* [Exercise requirements]:
Using the records below, copy exactly the part that opens with the line holding "Onesport 20 Zoll" and closes with the line holding "Ignik Outdoors Gas", minus the pictures.

Dataset extract Start Marker

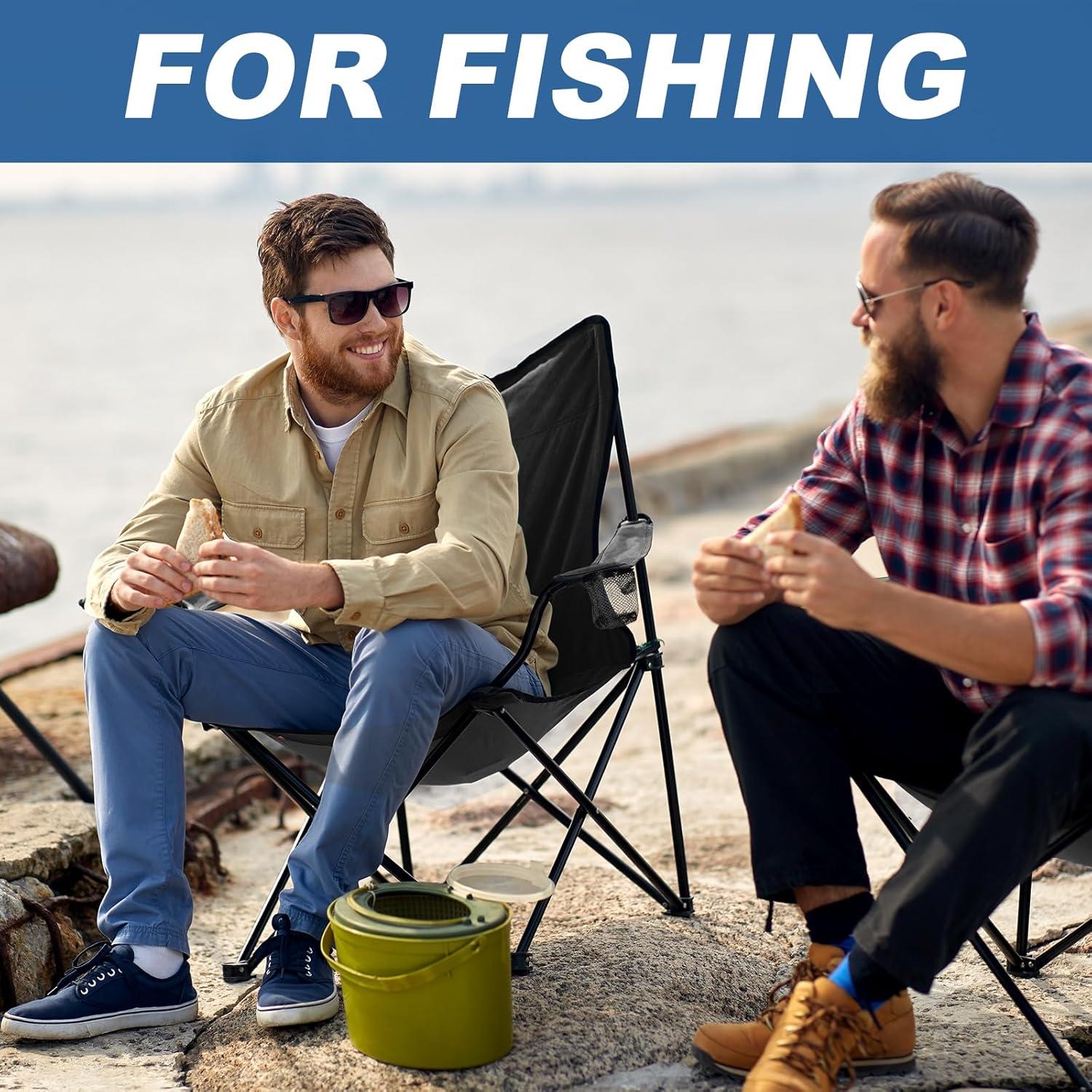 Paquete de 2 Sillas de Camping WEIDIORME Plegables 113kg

Dataset extract End Marker
Dataset extract Start Marker

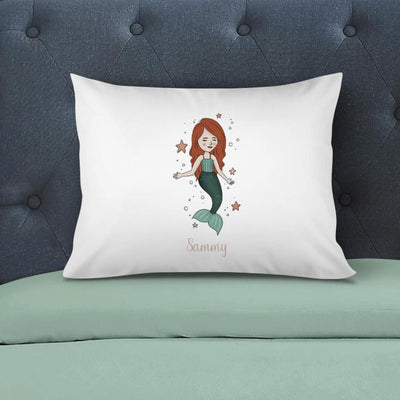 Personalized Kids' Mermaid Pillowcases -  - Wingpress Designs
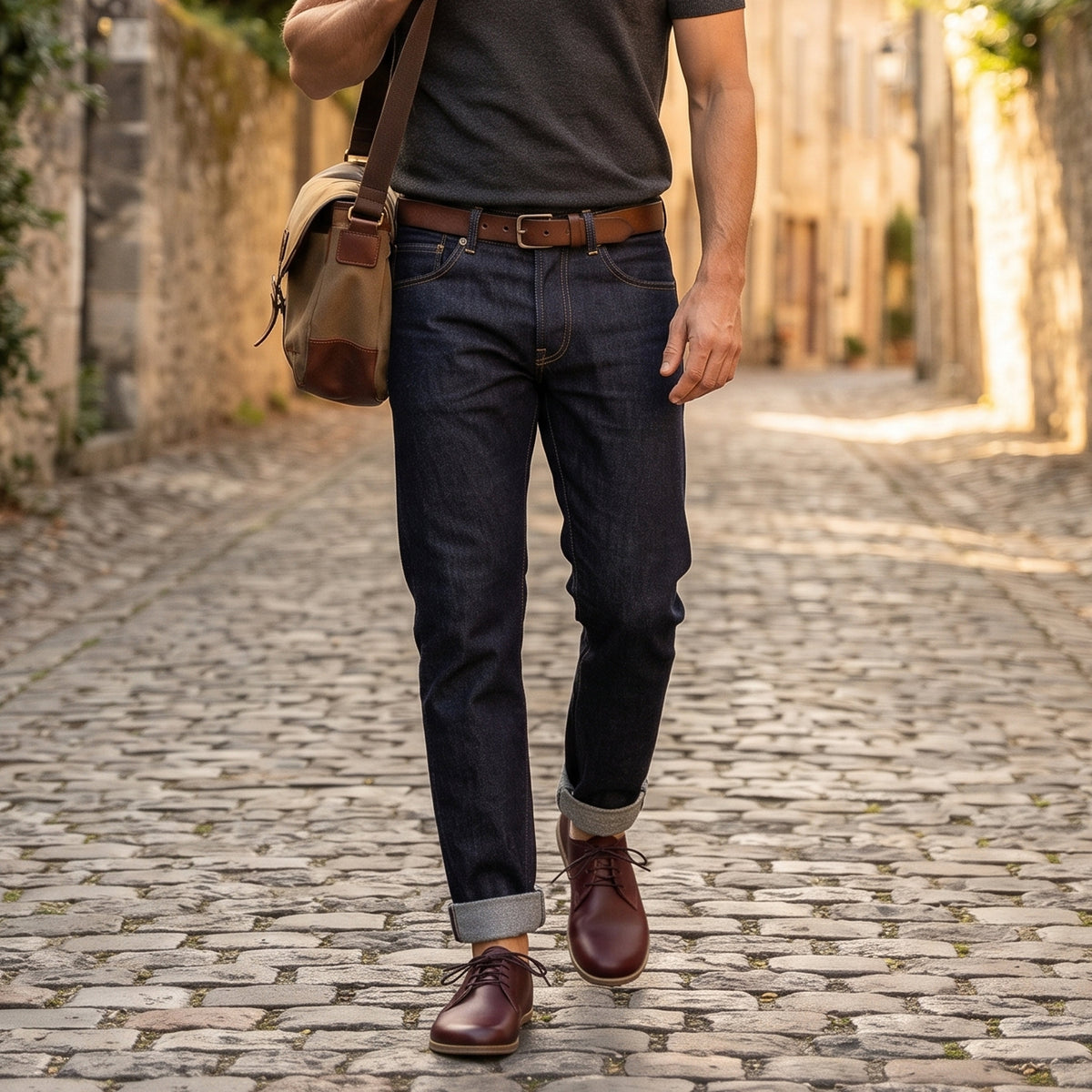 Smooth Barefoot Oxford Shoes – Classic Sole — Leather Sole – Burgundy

Dataset extract End Marker
Dataset extract Start Marker

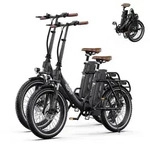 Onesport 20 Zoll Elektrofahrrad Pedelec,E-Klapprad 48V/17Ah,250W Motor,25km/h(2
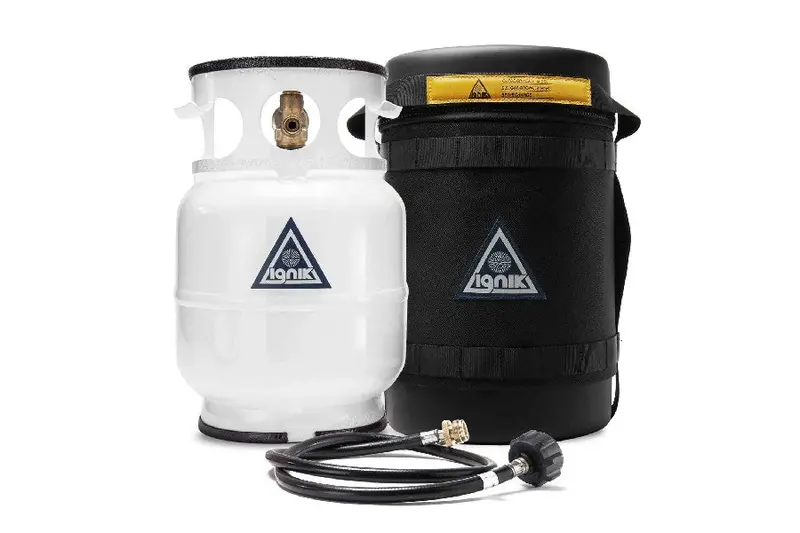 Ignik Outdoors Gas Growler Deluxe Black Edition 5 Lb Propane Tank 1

Dataset extract End Marker

* [Solution to this exercise]:
 Onesport 20 Zoll Elektrofahrrad Pedelec,E-Klapprad 48V/17Ah,250W Motor,25km/h(2
 Ignik Outdoors Gas Growler Deluxe Black Edition 5 Lb Propane Tank 1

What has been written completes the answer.